> [Problem details]: Look for the line with "São Paulo Imagem" in the data below, then reproduce word for word that line and every line after it. Leave out all pictures and add nothing.

BEGIN Collected material

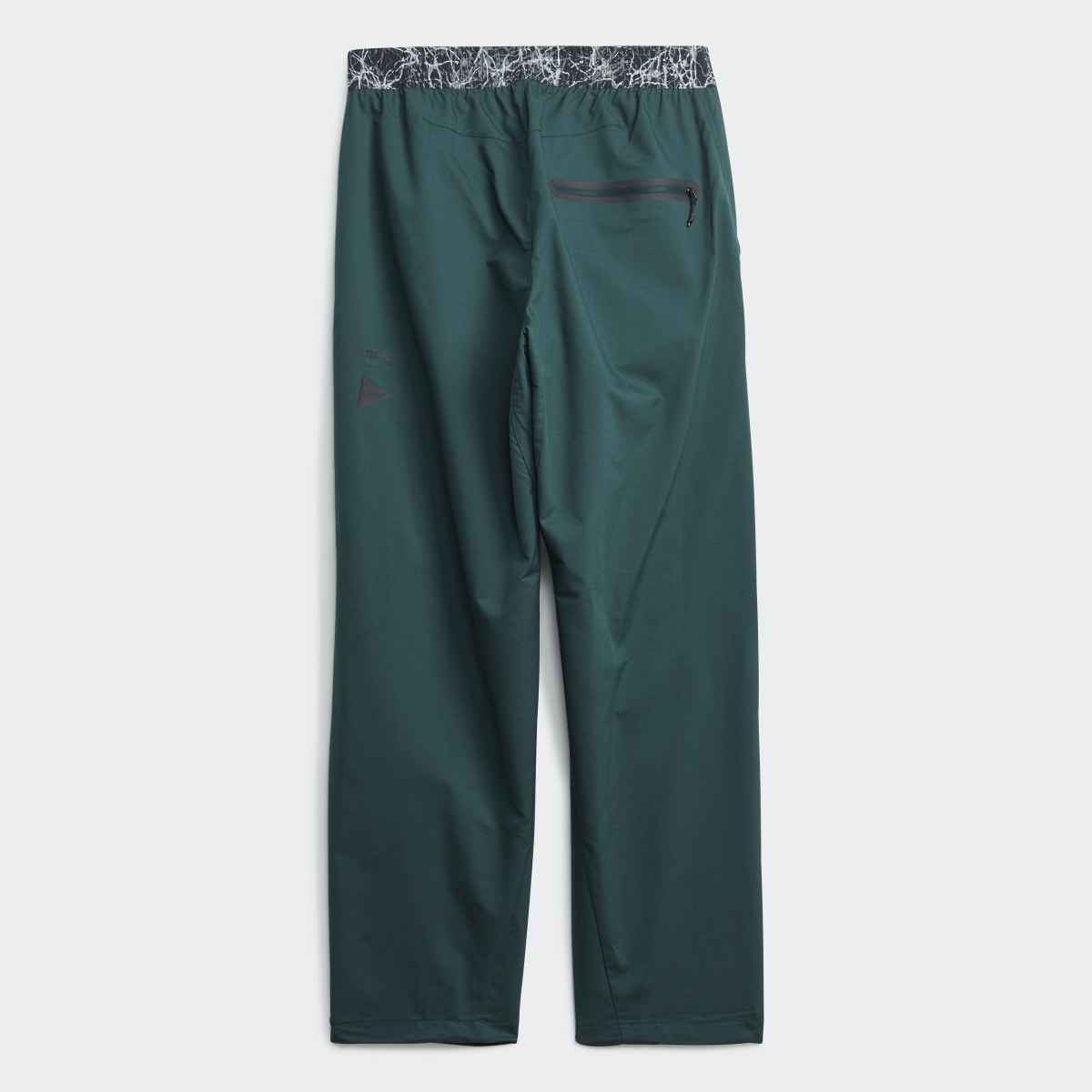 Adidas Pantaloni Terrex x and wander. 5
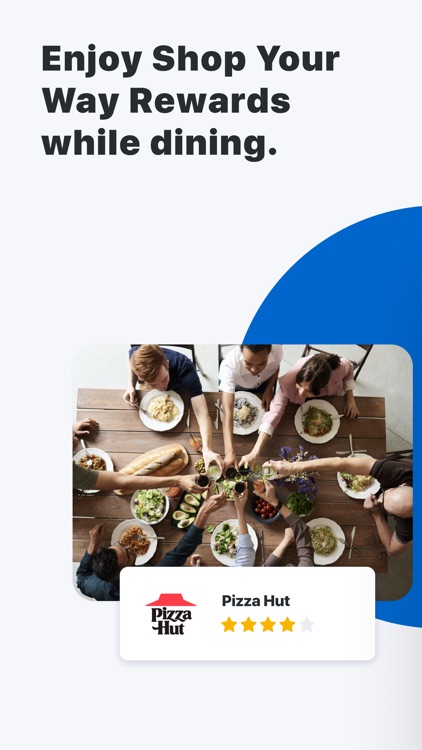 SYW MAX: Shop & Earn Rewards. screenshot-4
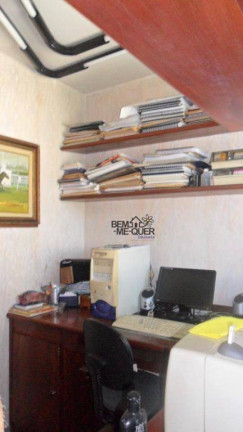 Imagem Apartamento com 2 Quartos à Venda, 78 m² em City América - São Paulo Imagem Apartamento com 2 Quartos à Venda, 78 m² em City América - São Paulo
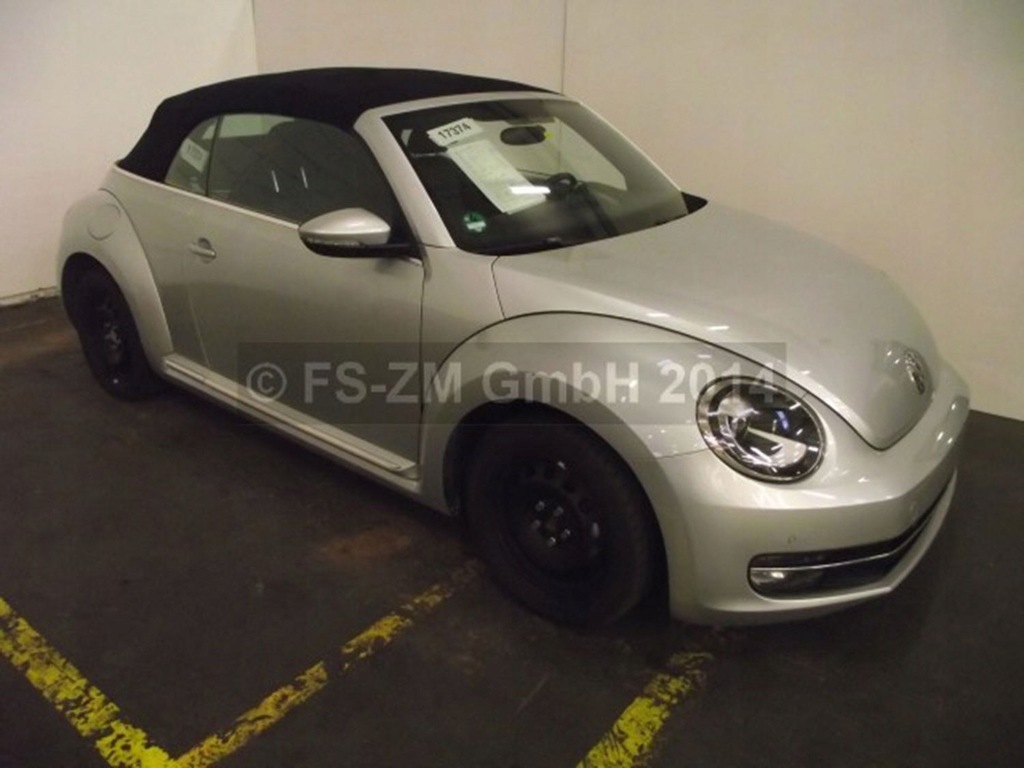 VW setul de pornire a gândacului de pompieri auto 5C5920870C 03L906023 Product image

END Collected material

> [Output below]:
 Imagem Apartamento com 2 Quartos à Venda, 78 m² em City América - São Paulo Imagem Apartamento com 2 Quartos à Venda, 78 m² em City América - São Paulo
 VW setul de pornire a gândacului de pompieri auto 5C5920870C 03L906023 Product image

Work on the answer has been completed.